The Productivity Commission will conduct an inquiry into the impact of Australia's intellectual property regime. The inquiry follows a recommendation included in the Harper Review of competition policy that the commission examine the country's IP arrangements.
The government today directed the commission to examine the impact of the IP regime on research and innovation, access to and cost of goods and services, and competition, trade and investment.
The commission should "recommend changes to the current system that would improve the overall wellbeing of Australian society, which take account of Australia’s international trade obligations," state the terms of reference issued today by Treasurer Joe Hockey.
"The Australian Government wishes to ensure that the intellectual property system provides appropriate incentives for innovation, investment and the production of creative works while ensuring it does not unreasonably impede further innovation, competition, investment and access to goods and services," state the terms of reference.
The Competition Policy Review (also known as the Harper Review after its chair, Professor Ian Harper) earlier this year recommended that the Productivity Commission conduct a 12-month overarching review of intellectual property.
"Australia’s intellectual property regime is a priority for review," the report stated.
The final Harper Review report was released in April.
Such a review should address IP-related competition policy issues "arising from new developments in technology and markets" and the principles that guide the inclusion of IP provisions in trade agreements Australia signs up to, the report stated.
"Disruptive technologies have put intellectual property ... rights in the spotlight. Although IP rights can create incentives for innovation and disseminating ideas, they also have the potential to restrict market entry by preventing access to technologies," the Harper Review said.
The Harper Review also echoed a 2010 Productivity Commission research report (PDF) that argued Australia should assess the value of IP provisions in bilateral and regional trade agreements.
"[A]ny IP provisions that are proposed for a particular agreement should only be included after an economic assessment of the impacts, including on consumers, in Australia and partner countries," the Productivity Commission report said.
A number of existing and prospective trade agreements, such as the Trans-Pacific Partnership Agreement (TPP), have generated concern among advocates for reform of Australia's intellectual property regime because of the potential to lock the country into more restrictive IP rules.
The terms of reference for the new Productivity Commission inquiry state that in its work the body should have regard to "Australia’s international arrangements, including obligations accepted under bilateral, multilateral and regional trade agreements to which Australia is a party".
Attorney-General George Brandis has previously indicated that "root and branch reform" of at least one of the pillars of Australian IP law, the Copyright Act 1968, is of interest to the government.

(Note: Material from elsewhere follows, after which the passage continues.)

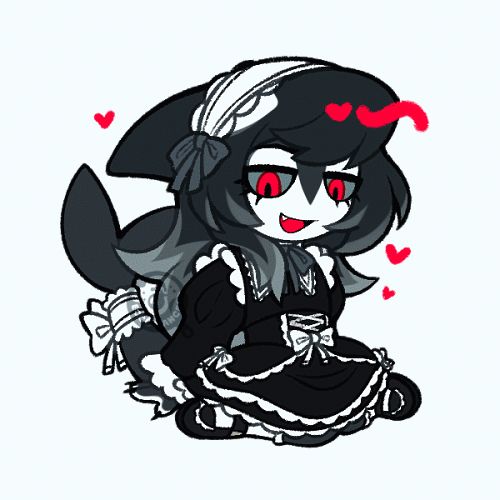 an anthropomorphic orca wearing a maid outfit. they have long hair, sharp nails, and piercing red eyes. they have several ribbons adorning their dress, tail, and headband. they are sitting down and smiling.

"The Copyright Act in its current form is an act of 1968 when John Gorton was the prime minister and there are many who are of the view, and I am one of them, that the time is upon us for a comprehensive review of the Copyright Act," the attorney-general told a Senate Estimates hearing earlier this year.

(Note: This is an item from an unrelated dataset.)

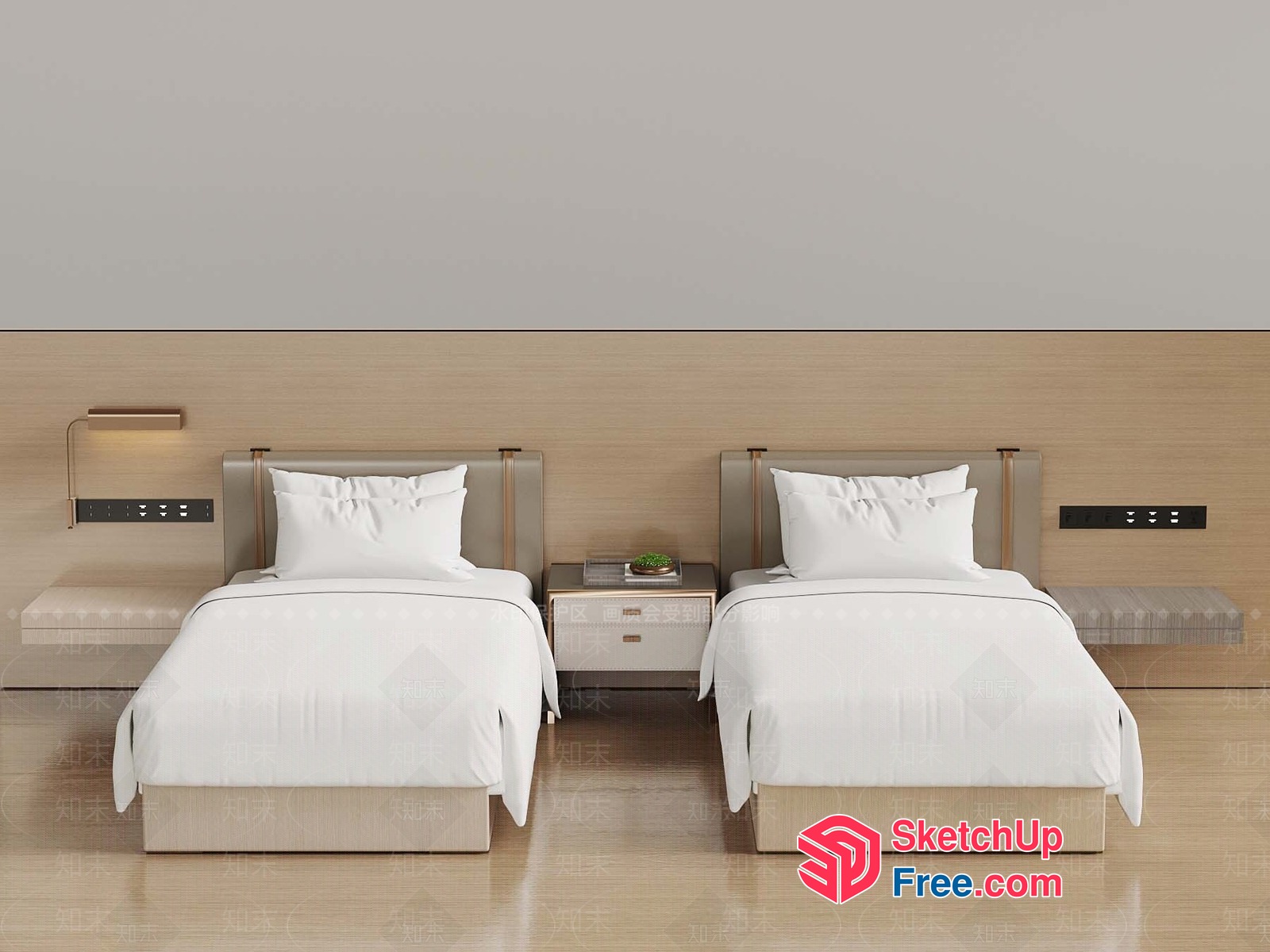 Modern Minimalist Hotel Room Interior Design 3D SketchUp File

"The day is upon us I think ... when we do need a comprehensive root and branch reform of the Copyright Act..."
The Attorney-General's Department is conducting an economic analysis of recommendations in the Australian Law Reform Commission's Copyright and the Digital Economy report.
That report, which was tabled in parliament in 2014, said that introducing a fair use provision in Australian copyright law would assist innovation and promote the public interest. (Brandis indicated at the Senate Estimates hearing that he was not convinced on the introduction of fair use into Australian law.)
There is as yet no formal government response to the ALRC report nor to the IT pricing inquiry's report, which included a number of recommendations relating to copyright reform.
Today's formal announcement of the Productivity Commission inquiry comes in the context of controversy over the potential impact on intellectual property arrangements in Australia of the TPP, bilateral trade agreements such as the Korea-Australia Free Trade Agreement (KAFTA) and other bilateral and multilateral agreements (particularly those that potentially include investor-state dispute settlement (ISDS) clauses).
It is also in the context of a concerted crackdown on copyright infringement waged by the Australian government, including its push for a (yet-to-be-finalised) industry code that will govern how Internet service providers will deal with allegations of online piracy by their customers and legislation that will potentially force ISPs to block access to websites associated with piracy
The new Productivity Commission inquiry is due to report within 12 months.